Church and state so to speak. That does not mean that I shied away from politically-charged topics when the Bible addresses them, but I never wanted to be partisan. I never wanted to preach politics. I wanted to preach the Gospel. From a liberty point-of-view, I believe churches should have the freedom to engage in the political realm and the government, via the IRS, should not regulate the pulpit. Saying that, when I was a pastor, I would never dream of making an endorsement from the pulpit or allow partisan politics to impact my ministry. (I have endorsed candidates as a private citizen on my own time.)

My main thing was the proclamation of the law and gospel. I was focused on the word of God, and if I am preaching the whole counsel of God then eventually topics like abortion, marriage, immigration (sojourners), poverty, etc. will come up and pastors need to handle those topics faithfully.

I wanted to highlight a couple of things that Sauls said that resonated with me.

As is the case with every paradox associated with Christianity, there is a both/and and a neither/nor component as it relates to political loyalties. Unless a human system is fully centered on God (no human system is), Jesus will have things to affirm and things to critique about it. The political left and the political right are no exception.

If we believe when Jesus returns that He is going to side 100 percent with every political position we have taken on every issue then we are sorely mistaken. (I’m sure we will also find out we are wrong about some of those minor theological positions we can be dogmatic about. This is not an invitation to debate which ones.)

I am conservative, but conservatism is a flawed, human-based political ideology. Conservatism is not inerrant. Scripture is. For those brothers and sisters who identify with the political left the same is true. If you happen to be in the political middle, guess what? Your ideology is just as flawed.

But when it comes to politics, the Bible gives us no reason to believe that Jesus would side completely with one political viewpoint over another. Rather, when it comes to kings and kingdoms, Jesus sides with himself.

Jesus is the King of Kings and the Lord of Lords. As author and pastor, Dr. Tony Evans once said, when Jesus returns He will not come to take sides, but to take over.
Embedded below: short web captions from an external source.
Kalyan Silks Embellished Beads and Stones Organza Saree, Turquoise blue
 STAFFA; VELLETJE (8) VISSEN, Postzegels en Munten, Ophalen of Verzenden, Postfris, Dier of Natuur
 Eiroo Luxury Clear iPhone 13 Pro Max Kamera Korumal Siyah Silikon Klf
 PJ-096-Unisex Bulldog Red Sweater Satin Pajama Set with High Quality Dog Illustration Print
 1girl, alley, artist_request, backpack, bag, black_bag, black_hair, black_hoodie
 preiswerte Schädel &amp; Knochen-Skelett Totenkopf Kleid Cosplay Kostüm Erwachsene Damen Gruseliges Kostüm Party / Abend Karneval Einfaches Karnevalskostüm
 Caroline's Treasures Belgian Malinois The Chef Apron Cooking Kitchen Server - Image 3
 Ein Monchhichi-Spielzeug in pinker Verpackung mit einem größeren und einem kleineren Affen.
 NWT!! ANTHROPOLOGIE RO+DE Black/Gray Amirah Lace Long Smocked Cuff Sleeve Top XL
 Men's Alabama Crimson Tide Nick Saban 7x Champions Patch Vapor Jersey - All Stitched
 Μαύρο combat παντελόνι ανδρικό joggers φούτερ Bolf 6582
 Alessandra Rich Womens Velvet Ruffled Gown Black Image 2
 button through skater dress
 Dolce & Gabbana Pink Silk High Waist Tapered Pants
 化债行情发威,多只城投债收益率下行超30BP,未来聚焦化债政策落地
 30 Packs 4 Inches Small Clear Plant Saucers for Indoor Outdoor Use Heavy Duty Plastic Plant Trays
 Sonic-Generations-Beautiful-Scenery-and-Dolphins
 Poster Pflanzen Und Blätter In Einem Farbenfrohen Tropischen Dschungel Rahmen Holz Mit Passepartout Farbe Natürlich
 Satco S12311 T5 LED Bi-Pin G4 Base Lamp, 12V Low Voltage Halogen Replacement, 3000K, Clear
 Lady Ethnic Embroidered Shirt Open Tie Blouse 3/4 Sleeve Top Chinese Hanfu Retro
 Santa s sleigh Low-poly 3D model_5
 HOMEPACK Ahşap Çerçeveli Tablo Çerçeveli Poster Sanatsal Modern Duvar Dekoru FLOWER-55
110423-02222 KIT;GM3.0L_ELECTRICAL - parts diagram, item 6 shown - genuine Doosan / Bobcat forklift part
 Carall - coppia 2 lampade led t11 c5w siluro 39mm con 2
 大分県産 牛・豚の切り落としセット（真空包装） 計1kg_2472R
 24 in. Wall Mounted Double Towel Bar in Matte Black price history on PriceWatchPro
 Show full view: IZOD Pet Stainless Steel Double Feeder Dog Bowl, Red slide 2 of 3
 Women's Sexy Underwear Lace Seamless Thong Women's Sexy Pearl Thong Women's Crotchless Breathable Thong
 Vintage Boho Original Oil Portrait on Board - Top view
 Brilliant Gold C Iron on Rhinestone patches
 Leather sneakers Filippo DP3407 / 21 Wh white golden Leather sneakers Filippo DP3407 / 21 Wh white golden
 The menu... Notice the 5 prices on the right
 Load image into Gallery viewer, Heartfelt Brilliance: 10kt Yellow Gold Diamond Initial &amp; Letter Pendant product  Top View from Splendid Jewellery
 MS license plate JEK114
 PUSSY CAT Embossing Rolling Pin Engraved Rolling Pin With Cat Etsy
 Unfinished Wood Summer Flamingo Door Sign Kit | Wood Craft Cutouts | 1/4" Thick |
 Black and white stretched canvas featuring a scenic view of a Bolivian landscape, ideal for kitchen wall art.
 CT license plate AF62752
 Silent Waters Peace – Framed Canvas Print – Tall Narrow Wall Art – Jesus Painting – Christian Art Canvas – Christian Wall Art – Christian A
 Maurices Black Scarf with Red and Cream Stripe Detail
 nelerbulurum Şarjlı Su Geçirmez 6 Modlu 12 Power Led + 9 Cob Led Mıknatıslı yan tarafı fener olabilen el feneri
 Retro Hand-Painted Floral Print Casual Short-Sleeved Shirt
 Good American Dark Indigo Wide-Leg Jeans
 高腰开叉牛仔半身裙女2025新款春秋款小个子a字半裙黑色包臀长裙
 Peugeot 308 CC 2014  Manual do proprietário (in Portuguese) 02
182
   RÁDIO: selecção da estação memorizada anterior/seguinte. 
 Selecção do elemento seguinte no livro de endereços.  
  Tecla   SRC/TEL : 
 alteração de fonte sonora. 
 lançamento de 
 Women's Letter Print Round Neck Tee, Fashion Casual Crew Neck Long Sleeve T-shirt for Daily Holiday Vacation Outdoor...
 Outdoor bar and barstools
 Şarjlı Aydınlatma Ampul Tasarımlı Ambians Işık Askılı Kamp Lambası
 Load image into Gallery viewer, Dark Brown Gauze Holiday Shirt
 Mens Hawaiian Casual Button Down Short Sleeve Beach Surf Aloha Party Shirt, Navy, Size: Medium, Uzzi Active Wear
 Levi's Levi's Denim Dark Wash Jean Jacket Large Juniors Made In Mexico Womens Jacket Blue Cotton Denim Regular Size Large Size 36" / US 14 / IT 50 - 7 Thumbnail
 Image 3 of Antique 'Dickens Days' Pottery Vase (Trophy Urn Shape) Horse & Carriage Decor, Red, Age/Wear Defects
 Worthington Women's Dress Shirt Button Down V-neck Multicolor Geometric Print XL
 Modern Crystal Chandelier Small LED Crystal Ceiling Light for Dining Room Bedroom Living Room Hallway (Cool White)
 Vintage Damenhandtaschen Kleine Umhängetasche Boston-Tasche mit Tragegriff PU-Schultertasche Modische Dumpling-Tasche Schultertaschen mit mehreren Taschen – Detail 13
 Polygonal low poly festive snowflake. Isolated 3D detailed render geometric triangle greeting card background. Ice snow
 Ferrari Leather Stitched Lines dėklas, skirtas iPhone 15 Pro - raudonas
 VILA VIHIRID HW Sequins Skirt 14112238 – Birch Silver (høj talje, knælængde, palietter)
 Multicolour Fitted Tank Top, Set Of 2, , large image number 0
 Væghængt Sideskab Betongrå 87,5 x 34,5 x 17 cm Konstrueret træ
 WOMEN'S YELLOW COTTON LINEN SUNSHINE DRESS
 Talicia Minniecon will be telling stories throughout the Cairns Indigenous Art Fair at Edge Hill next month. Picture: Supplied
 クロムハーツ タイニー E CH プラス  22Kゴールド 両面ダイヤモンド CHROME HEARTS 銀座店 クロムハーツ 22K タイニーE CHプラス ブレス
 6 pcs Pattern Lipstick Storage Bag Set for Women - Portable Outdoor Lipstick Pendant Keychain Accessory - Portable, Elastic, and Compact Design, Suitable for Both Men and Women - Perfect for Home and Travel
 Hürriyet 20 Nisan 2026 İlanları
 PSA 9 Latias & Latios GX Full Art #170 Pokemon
Far too often we put our trust in candidates and in ideologies. That is misplaced trust. Scripture exhorts us: “Put not our trust in princes, in a son of man, in whom there is no salvation. When his breath departs, he returns to the earth; on that very day his plans perish,” (Psalm 146:3-4, ESV).

So the question we need to ask, Sauls says, is not whether God is on our side, but rather are we on His?

In our churches, yes even in faithful, Bible-teaching, evangelical churches there will be people of all political persuasions and parties who are our brothers and sisters in Christ.

Sauls provides us a challenge:

We should feel “at home” with people who share our faith but not our politics even more than we do with people who share our politics but not our faith. If this is not our experience, then we very well may be rendering to Caesar what belongs to God.

People from varying political persuasions can (and should) experience unity under a single, first allegiance to Jesus the King, who on the cross removed and even “killed” the dividing wall of hostility between people on the far left, people on the far right, and people everywhere in between.

If that isn’t our attitude, then we need to repent.